Dive Brief:
- The EPA's Clean Power Plan left FERC out of the process, and commissioners at the agency have indicated they want to have a role in ensuring carbon reductions do not impact grid reliability.
- FERC Commissioner Tony Clark told E&E Publishing that perhaps a technical conference could be convened to find a way for the agency to provide a high-level view of the potential impacts of carbon reductions. He wants, above all, a formal role for FERC in evaluating the Clean Power Plan.
- Collette Honorable, President Obama's nomination to a vacant seat at FERC, has said she would support a technical conference but stopped short of advocating a direct role for the commission.
Dive Insight:
The U.S. Environmental Protection Agency's proposed Clean Power Plan is aimed at cutting U.S. greenhouse gas emissions 30% below a 2012 benchmark by 2030. But utilities say the proposal is too much, too quickly, and could endanger grid reliability by forcing some plants offline.
The EPA says it wrote significant flexibility into the regulations, but in late October released a notice of data availability in which it conceded "some stakeholders have expressed concerns with the approach that the EPA used to determine states’ interim goals."
"Significant shifts of generation away from coal-fired generators to [Natural Gas Combined Cycle (NGCC)] units ... will be necessary by 2020 and will be difficult for at least some states to reasonably achieve in that timeframe," EPA noted.
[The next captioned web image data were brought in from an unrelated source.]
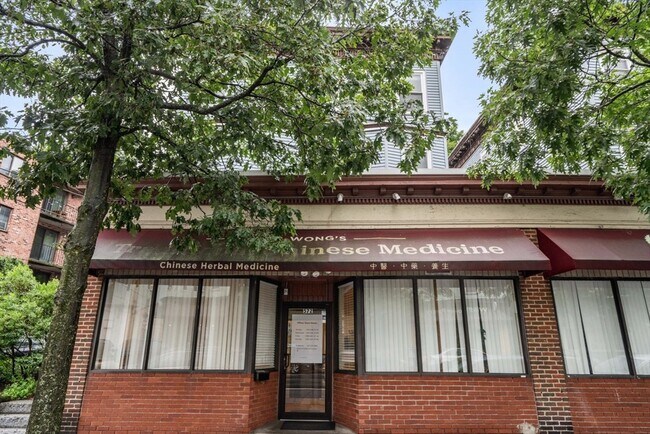 Building Photo - 570 Washington St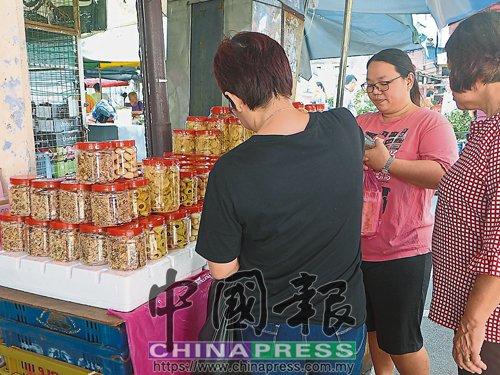 中国侨网吴丽媚(右2)的传统年饼,除了有顾客上门选购外,也有熟客通过网上WhatsApp订购。(马来西亚《中国报》)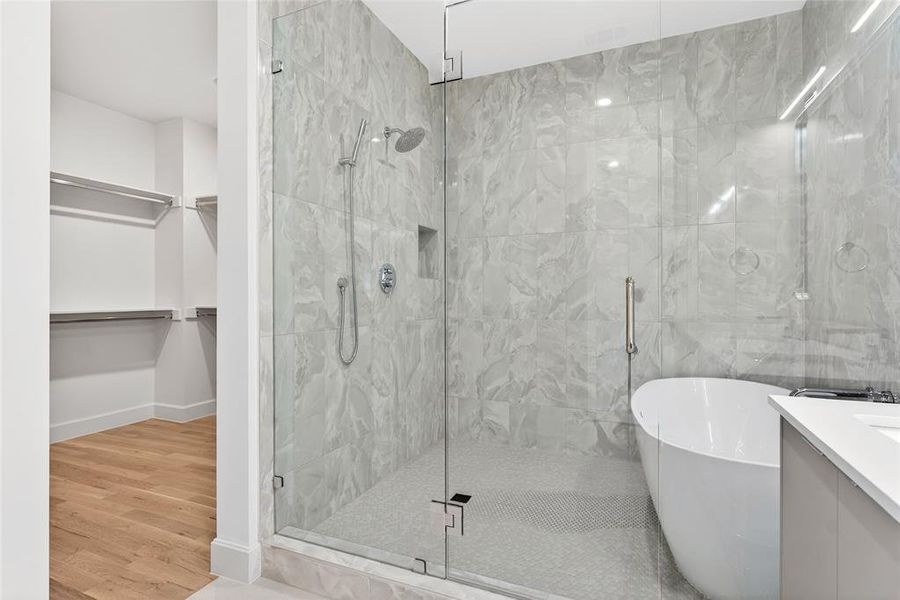 Furnished interior view inside a new home in , Dallas (Image 9).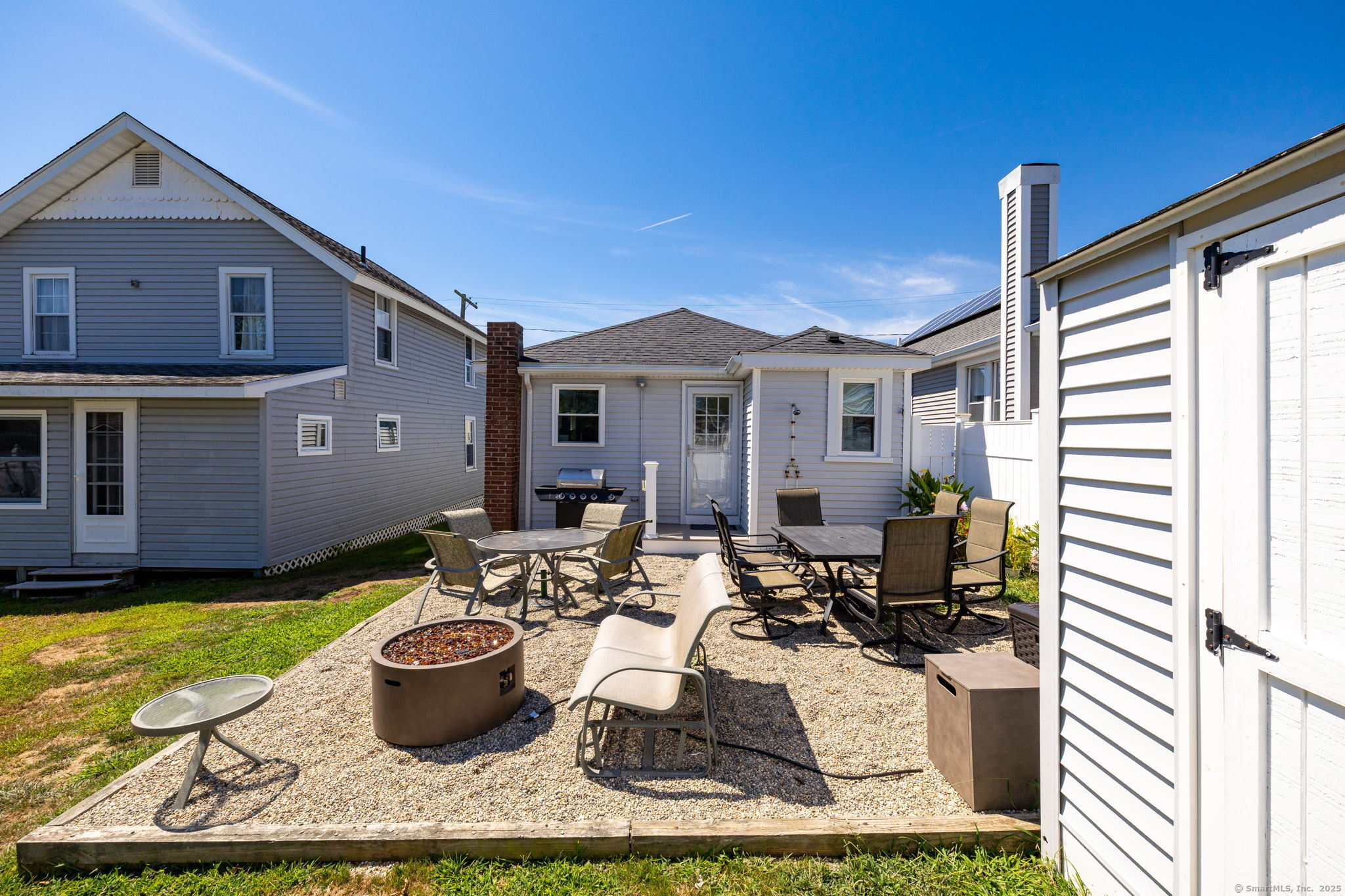 42 Old Colony Road Old Lyme, CT 06371 - Photo 11 of 39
FERC's Clark said he would support a technical conference on how the commission can be involved. "There's got to be somebody who takes a look at it from the 20,000-foot level and can say, 'Wait a second, what you're telling these utilities to do over here doesn't work over there, and it's going to cause reliability problems,'" he told E&E.
Honorable, who did not directly advocate for a role in her testimony before a Senate committee last week, said she has a history of pushing for "infrastructure development to ensure safety and efficiency, increased reliability and resilience efforts, diversity of energy and of our energy workforce."